2. Season the flour and suet mixture with salt and pepper if savory and just a bit of salt and/or spices if sweet.
3. Add the water, a tablespoonful at a time, as you mix the ingredients together. Make up the pastry to firm an elastic dough that leaves the bowl clean. The liquid amounts are only an estimate and most recipes just say water to mix. Don’t over handle the pastry or it will be too hard.
4. Reserve a quarter for the lid and roll out the rest and line a well-greased bowl.
5. At this point add your filling.. a couple of options are give below but have fun and go wild!
6. Roll the final piece of pastry out into a circle big enough to cover the top of the basin, dampen the edges and put in position on the pudding, pinching the edges together to seal.
7. Seal well and cover with a double sheet of foil – pleated in the centre to allow room for expansion while cooking. Secure with string, and place it in a steamer over boiling water.

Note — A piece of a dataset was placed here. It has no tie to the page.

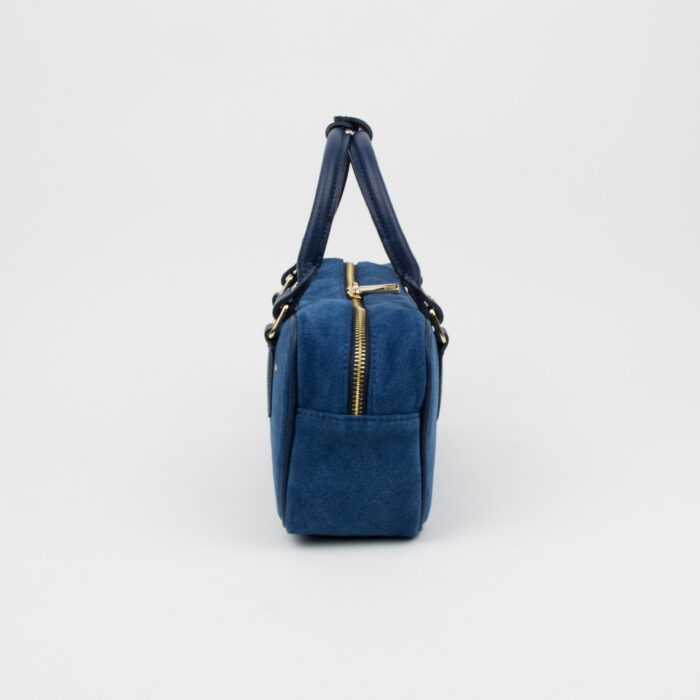 Verstos odos rankinė #85929 SUEDE - Image 3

8. Steam for up to 5 hours, you may need to add more boiling water halfway through or possibly more often. There is a lot of leeway in this steaming time and different recipes give different steaming times. Delia Smith says 5 hours for Steak and kidney where as Mrs Beeton says 2.5 for a similar dish! One way to tell that it is cooked is when the pastry changes colour and goes from white to a sort of light golden brown. It is also hard to over steam a pudding so you can leave it bubbling away until you are ready.
Steak and Onion Pudding
1 full amount of suet crust (see recipe above)

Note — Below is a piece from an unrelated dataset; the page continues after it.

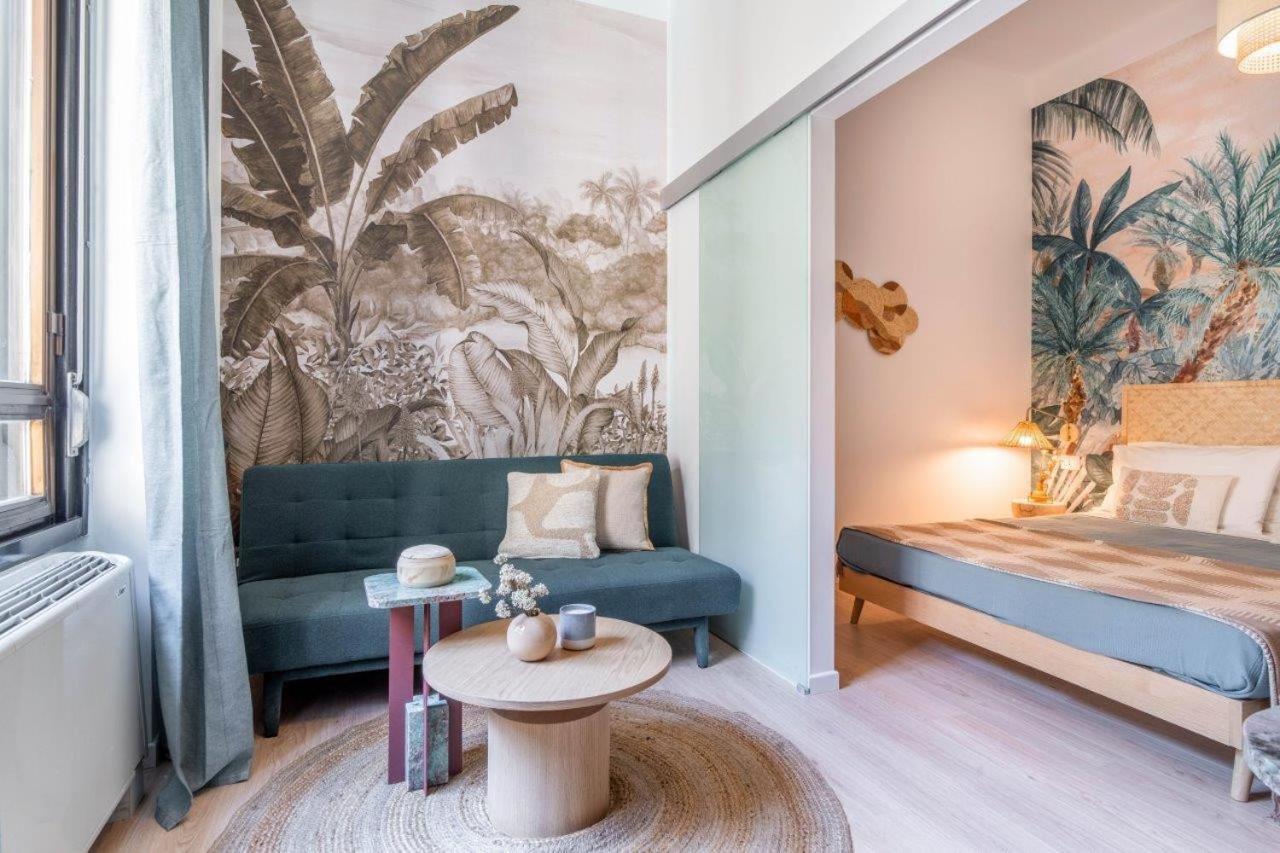 米兰Tropical And New Flat In Porta Venezia By Easylife公寓 外观 照片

(450 grams/about 1 pound) Chuck steak
(225 grams/about 1/2 a pound) Ox kidney (I omitted this part and just used steak pieces)
1 medium-sized onion (I added about 2 tbs chopped fresh parsley as well)
2 teaspoons well-seasoned flour (flour with pepper and a pinch of dry mustard)
splash of Worcestershire sauce (I also added a splash of Madeira wine with the water to add flavor to the gravy. )
1. Chop the steak and kidney into fairly small cubes, toss them in seasoned flour, then add them to the pastry lined basin.
2. Pop the onion slices in here and there.
3. Add enough cold water to reach almost to the top of the meat (I used Madeira wine, or red wine if preferred. Make sure you add enough liquid or the pudding will be dry as in my photo which obviously did not have enough gravy! It should have gooey, drippy gravy coming out of the slice when cut….yummmm!) and sprinkle in a few drops of Worcestershire sauce and season with salt and pepper.
4. Follow the rest of the instructions in the crust recipe to finish pudding.
5. Cook for at least 2.5 hours (Mrs Beeton) up to 5 hours (Delia Smith).
SPOTTED DICK (sponge type steamed suet pudding)
(100 grams/4 ounces) All-purpose flour
(1/4 teaspoon) salt
(1.5 teaspoons) Baking powder
(100 grams/4 ounces) breadcrumbs
(75 grams/3 ounces) Caster sugar
(75 grams/ 3 ounces) Shredded suet or suet substitute (i.e., Vegetable Suet, Crisco, Lard)
(1) large egg
(6 to 8 tablespoons) Cold milk
75 grams dried currants pre-soaked in brandy
1. Sift flour, salt and baking powder into bowl.
2. Add breadcrumbs, sugar and suet.
3. Mix to a soft batter with beaten egg and milk. Add currants and mix thoroughly using a spatula.
4. Turn into a buttered 1 litre/ 2pint pudding basin and cover securely with buttered greaseproof paper or aluminum foil.
5. Steam steadily for 2.5 to 3 hours
6. Turn out onto warm plate, Serve with sweet sauce to taste such as custard, caramel or a sweetened fruit sauce.
I used Bird’s custard sauce following the recipe from the can.
Thank you, Esther, for a wonderful experience!!